What This Means at Daycare
Parents sometimes worry when their toddler "just plays alone" at the setting and doesn't seem to be making friends. For a child under 2.5, this is developmentally typical. Parallel play is the appropriate social mode. The child is doing exactly what they should be doing.
Even brief parallel play in the company of other children provides important social experience:
- The child is learning to manage the presence of others in shared space
- They are observing other children's behaviour and learning from it (social referencing and imitation are powerful developmental mechanisms)
- They are developing comfort with the group environment that is the foundation for later cooperative interaction
The Role of Daycare in Social Development
Research consistently shows that children with experience of quality group childcare before school show better social outcomes in early schooling than those without such experience. The EPPE study found that children who had experienced group childcare settings scored higher on measures of social competence and lower on measures of anti-social behaviour at school entry.
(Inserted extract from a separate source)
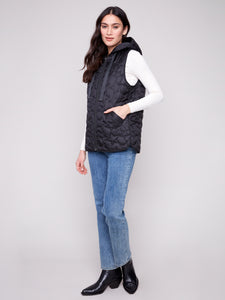 QUILTED SHORT VEST | STAR: BLACK-Jackets & Sweaters-CHARLIE B-Coriander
The proposed mechanisms include: greater experience with peer norms, more practice with conflict and negotiation, and a broader social repertoire developed through sustained peer contact.
Carollee Howes' research at UCLA documented that early friendships in childcare settings — relationships formed between specific children over time — predict social adjustment at school entry. Children who have stable peer friendships before school entry show better social adjustment in the early school years.
What Parents Can Support
Accept the stage your child is at. Parallel play is not a failure of socialisation — it is its developmentally appropriate precursor. Pressuring a 2-year-old to "make friends" and "play together" when they are developmentally in a parallel play phase is counterproductive.
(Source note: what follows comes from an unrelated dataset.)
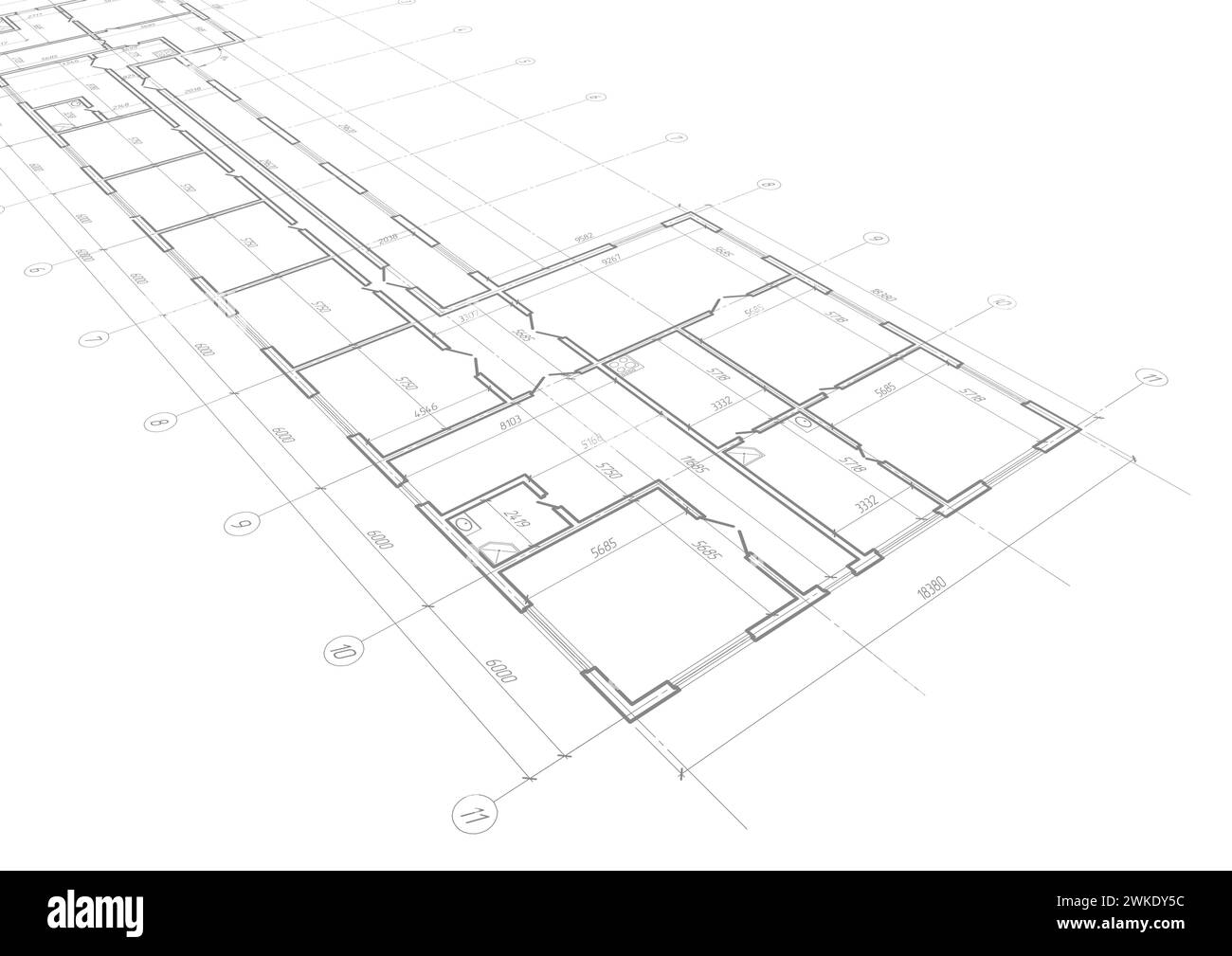 Architectural plan,technical project .House plan project .Engineering design .Industrial construction of houses .Vector , illustration. Stock Vector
Learn the names of children your child mentions. Even young children develop preferences for specific peers before cooperative play is established. These preferences matter. Knowing and using the names of children the child mentions shows interest and helps the child develop the social vocabulary around specific relationships.
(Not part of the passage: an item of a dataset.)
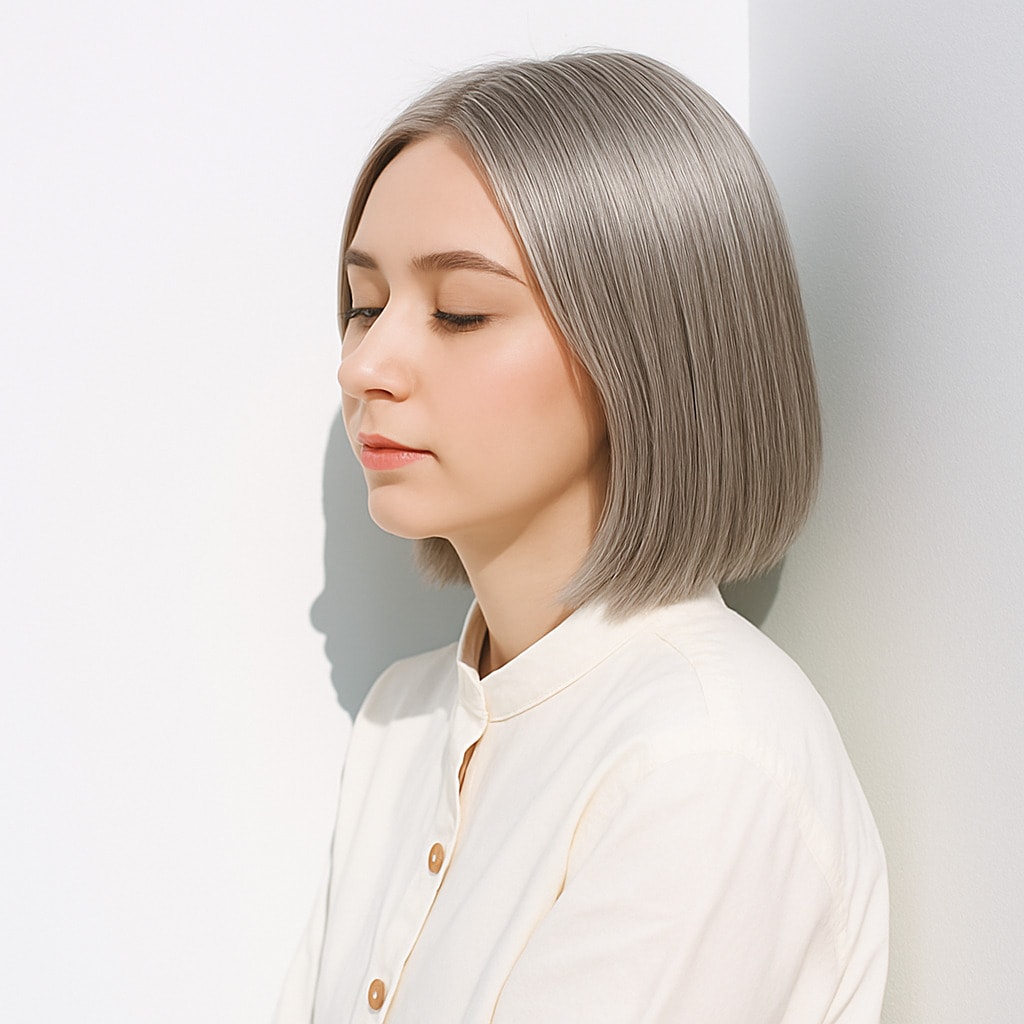 19. プラチナブロンド×シルバーグレー：くすみと透明感を兼ね備えたカラー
Facilitate peer contact outside the setting. Playdates with specific children from the setting allow the relationship to develop in a lower-stimulation environment, which can accelerate social development.
Key Takeaways
Socialisation in daycare develops gradually and is not linear. Young children begin with parallel play (playing alongside others), progress to associative play (sharing space and materials), and eventually to cooperative play (playing together toward a shared goal). The peer relationships and social skills developed in early group childcare have significant long-term effects on social competence and school readiness.